Metadata-Version: 2.1
Name: pycmtensor
Version: 1.0.2
Summary: Python Tensor based package for Deep neural net assisted Discrete Choice Modelling.
Home-page: https://github.com/mwong009/pycmtensor
License: MIT
Keywords: pycmtensor
Author: Melvin Wong
Author-email: m.j.w.wong@tue.nl
Requires-Python: >=3.8,<=3.10
Classifier: Development Status :: 3 - Alpha
Classifier: Intended Audience :: Developers
Classifier: Intended Audience :: Science/Research
Classifier: License :: OSI Approved :: MIT License
Classifier: Natural Language :: English
Classifier: Operating System :: OS Independent
Classifier: Programming Language :: Python :: 3
Classifier: Programming Language :: Python :: 3.10
Classifier: Programming Language :: Python :: 3.8
Classifier: Programming Language :: Python :: 3.9
Classifier: Topic :: Scientific/Engineering :: Artificial Intelligence
Provides-Extra: docs
Provides-Extra: lint
Provides-Extra: tool
Requires-Dist: Cython (>=0.29.28,<0.30.0)
Requires-Dist: aesara (>=2.4.0,<3.0.0)
Requires-Dist: dill (>=0.3.4,<0.4.0)
Requires-Dist: ipykernel (>=6.9.1,<7.0.0)
Requires-Dist: ipywidgets (>=7.6.5,<8.0.0)
Requires-Dist: numpy (>=1.19.0,<1.22.0)
Requires-Dist: pandas (>=1.3.5,<2.0.0)
Requires-Dist: pydot (>=1.4.2,<2.0.0)
Requires-Dist: scipy (>=1.7.1,<1.8.0)
Requires-Dist: tqdm (>=4.62.3,<5.0.0)
Project-URL: Repository, https://github.com/mwong009/pycmtensor
Description-Content-Type: text/markdown

# PyCMTensor

![](https://img.shields.io/pypi/pyversions/pycmtensor)
[![PyPI version](https://badge.fury.io/py/pycmtensor.svg)](https://badge.fury.io/py/pycmtensor)
[![Tests](https://github.com/mwong009/pycmtensor/actions/workflows/tests.yml/badge.svg)](https://github.com/mwong009/pycmtensor/actions/workflows/tests.yml)
[![Documentation Status](https://readthedocs.org/projects/pycmtensor/badge/?version=develop)](https://pycmtensor.readthedocs.io/en/develop/?badge=develop)
[![codecov](https://codecov.io/gh/mwong009/pycmtensor/branch/master/graph/badge.svg?token=LFwgggDyjS)](https://codecov.io/gh/mwong009/pycmtensor)
![Licence](https://img.shields.io/badge/Licence-MIT-blue)

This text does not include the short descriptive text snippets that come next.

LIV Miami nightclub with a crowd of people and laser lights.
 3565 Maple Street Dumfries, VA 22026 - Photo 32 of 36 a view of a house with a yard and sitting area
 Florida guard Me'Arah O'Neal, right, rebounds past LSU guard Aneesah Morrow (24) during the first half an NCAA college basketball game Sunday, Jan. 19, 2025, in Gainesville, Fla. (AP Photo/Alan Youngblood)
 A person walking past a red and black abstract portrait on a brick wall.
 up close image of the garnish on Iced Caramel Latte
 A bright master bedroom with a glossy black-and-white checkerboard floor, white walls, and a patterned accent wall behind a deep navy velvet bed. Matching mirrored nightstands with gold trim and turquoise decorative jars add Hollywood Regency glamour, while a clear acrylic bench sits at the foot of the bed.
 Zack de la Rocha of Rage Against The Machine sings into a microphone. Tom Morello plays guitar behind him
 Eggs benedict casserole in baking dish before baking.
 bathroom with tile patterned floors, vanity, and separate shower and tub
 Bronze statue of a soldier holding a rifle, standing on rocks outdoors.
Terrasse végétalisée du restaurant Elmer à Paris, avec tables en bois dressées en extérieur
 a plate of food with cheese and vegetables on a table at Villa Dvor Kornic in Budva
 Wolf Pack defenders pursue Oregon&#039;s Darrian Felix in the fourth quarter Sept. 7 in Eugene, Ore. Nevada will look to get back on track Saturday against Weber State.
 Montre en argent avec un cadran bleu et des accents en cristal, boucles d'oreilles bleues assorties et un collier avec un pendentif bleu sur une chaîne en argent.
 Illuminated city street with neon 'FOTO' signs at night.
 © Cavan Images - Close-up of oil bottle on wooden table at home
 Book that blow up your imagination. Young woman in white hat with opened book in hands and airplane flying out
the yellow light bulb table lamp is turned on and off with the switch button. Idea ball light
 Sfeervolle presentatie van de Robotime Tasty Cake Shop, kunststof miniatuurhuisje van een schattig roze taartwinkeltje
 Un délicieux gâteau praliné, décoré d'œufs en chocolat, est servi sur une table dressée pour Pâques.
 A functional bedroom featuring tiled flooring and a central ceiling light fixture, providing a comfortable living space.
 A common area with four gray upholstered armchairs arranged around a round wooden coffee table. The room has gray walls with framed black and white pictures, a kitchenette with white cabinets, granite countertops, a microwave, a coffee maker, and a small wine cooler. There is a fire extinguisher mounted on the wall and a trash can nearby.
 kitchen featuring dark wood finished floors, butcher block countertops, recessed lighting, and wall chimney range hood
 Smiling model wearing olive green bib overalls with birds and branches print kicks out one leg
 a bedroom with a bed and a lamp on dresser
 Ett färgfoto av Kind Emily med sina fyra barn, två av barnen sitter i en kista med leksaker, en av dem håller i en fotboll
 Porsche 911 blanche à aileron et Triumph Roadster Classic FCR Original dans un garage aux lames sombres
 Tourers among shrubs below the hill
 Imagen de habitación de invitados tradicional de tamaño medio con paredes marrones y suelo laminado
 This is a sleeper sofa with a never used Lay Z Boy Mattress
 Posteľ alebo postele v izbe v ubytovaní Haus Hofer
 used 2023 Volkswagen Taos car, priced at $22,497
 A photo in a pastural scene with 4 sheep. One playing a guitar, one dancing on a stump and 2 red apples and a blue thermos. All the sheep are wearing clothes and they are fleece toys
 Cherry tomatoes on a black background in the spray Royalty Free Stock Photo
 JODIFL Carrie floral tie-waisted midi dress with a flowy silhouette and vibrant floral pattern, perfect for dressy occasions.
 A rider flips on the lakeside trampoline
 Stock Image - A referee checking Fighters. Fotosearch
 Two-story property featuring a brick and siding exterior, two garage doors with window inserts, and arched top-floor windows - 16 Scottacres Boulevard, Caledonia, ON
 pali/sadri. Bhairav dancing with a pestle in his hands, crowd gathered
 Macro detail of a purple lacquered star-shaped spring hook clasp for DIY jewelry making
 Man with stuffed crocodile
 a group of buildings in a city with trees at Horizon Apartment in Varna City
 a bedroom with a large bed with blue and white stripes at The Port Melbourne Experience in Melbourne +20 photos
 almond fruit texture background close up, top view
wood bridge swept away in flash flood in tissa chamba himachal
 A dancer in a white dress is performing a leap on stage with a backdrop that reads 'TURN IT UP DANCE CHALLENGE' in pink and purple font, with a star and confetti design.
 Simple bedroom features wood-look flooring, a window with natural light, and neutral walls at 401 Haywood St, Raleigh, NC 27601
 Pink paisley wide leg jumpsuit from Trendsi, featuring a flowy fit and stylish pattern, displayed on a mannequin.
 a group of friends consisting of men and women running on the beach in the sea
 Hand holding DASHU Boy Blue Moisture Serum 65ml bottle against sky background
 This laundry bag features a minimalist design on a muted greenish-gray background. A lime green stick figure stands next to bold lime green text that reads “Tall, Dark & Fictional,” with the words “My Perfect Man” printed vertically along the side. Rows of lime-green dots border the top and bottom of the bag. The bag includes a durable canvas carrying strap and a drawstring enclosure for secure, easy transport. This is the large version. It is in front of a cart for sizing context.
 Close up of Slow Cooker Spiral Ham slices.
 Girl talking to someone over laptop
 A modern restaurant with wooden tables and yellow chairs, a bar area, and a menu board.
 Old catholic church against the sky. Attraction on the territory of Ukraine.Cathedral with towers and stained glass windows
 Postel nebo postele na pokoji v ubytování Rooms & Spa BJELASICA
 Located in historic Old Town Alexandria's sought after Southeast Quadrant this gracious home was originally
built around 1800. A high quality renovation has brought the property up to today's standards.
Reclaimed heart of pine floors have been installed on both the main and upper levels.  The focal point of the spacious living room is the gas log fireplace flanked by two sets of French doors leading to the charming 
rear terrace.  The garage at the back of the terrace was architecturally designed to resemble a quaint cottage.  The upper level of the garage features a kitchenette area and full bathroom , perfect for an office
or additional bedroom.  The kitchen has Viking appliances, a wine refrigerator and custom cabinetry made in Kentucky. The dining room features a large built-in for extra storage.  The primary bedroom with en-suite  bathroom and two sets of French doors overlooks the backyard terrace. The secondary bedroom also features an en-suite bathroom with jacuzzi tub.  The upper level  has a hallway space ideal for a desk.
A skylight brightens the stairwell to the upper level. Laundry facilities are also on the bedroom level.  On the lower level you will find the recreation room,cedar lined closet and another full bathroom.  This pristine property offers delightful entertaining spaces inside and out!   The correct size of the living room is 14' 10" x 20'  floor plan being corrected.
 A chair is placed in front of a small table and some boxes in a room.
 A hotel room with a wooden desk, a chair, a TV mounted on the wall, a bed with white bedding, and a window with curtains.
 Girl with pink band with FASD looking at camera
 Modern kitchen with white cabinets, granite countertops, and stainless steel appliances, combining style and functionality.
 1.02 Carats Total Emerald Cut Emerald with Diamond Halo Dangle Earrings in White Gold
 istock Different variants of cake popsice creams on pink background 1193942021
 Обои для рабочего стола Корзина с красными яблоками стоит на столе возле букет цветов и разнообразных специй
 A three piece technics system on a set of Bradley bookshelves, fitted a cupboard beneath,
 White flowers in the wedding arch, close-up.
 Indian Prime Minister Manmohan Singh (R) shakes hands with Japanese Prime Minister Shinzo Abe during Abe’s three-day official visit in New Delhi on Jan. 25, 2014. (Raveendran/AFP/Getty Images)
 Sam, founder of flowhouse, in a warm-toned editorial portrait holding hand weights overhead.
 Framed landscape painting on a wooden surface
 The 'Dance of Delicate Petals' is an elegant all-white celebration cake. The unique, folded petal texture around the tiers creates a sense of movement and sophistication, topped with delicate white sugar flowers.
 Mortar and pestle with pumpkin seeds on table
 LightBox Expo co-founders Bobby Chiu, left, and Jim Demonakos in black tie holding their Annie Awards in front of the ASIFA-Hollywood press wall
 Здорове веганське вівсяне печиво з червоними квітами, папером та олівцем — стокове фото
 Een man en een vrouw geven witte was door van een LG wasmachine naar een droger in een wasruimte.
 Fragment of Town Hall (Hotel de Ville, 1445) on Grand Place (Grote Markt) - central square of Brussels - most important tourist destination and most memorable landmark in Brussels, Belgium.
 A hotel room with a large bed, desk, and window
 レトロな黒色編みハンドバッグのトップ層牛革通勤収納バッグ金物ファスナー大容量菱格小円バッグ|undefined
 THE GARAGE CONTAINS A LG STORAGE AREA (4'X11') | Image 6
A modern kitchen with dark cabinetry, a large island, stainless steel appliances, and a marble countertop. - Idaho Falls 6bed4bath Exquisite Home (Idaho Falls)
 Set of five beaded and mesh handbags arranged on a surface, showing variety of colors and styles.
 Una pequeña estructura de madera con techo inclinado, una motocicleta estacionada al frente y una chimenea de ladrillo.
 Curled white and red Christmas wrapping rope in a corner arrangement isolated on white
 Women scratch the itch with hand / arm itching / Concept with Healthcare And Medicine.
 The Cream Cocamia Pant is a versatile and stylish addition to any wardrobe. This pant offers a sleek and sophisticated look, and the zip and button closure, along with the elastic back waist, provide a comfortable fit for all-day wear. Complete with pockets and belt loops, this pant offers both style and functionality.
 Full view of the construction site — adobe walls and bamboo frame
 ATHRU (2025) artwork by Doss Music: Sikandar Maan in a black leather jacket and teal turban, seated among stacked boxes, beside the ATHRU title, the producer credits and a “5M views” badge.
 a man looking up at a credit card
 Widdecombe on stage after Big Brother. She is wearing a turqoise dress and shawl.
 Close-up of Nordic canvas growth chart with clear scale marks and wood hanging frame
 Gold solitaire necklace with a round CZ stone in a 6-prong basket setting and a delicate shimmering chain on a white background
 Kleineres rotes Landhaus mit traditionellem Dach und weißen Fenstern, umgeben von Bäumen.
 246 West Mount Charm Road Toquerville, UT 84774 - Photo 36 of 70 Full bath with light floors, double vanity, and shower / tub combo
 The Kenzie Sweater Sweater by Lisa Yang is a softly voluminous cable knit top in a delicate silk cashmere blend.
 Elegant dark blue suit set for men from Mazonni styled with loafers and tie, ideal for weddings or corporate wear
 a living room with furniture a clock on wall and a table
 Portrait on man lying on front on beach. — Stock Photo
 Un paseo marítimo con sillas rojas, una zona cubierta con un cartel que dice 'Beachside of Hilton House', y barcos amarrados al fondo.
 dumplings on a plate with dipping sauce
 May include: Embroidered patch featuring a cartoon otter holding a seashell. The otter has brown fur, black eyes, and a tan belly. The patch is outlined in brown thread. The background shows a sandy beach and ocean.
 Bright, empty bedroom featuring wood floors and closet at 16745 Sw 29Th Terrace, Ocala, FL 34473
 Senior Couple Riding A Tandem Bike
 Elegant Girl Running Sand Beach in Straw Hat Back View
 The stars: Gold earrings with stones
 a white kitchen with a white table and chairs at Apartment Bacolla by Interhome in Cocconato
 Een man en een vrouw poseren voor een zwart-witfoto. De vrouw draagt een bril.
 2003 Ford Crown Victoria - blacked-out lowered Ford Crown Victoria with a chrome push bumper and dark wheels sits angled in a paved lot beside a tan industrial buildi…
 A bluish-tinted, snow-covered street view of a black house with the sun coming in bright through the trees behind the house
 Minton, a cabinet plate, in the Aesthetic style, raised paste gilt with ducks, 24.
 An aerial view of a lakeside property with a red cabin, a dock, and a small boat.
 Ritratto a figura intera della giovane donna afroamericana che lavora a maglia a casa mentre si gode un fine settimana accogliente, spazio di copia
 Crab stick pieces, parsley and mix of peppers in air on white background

A tensor-based choice modelling Python package with deep learning capabilities. 
Read the documentation at <https://pycmtensor.readthedocs.io>

## About PyCMTensor

PyCMTensor is a discrete choice model development platform which is designed with the use of deep learning in mind, enabling users to write more complex models using neural networks.
PyCMTensor is build on [Aesara library](https://github.com/aesara-devs/aesara), and uses many features commonly found in deep learning packages such as Tensorflow and Keras.
`Aesara` was chosen as the back end mathematical library because of its hackable, open-source nature.
As users of [Biogeme](https://biogeme.epfl.ch), you will be familiar with the syntax of PyCMTensor.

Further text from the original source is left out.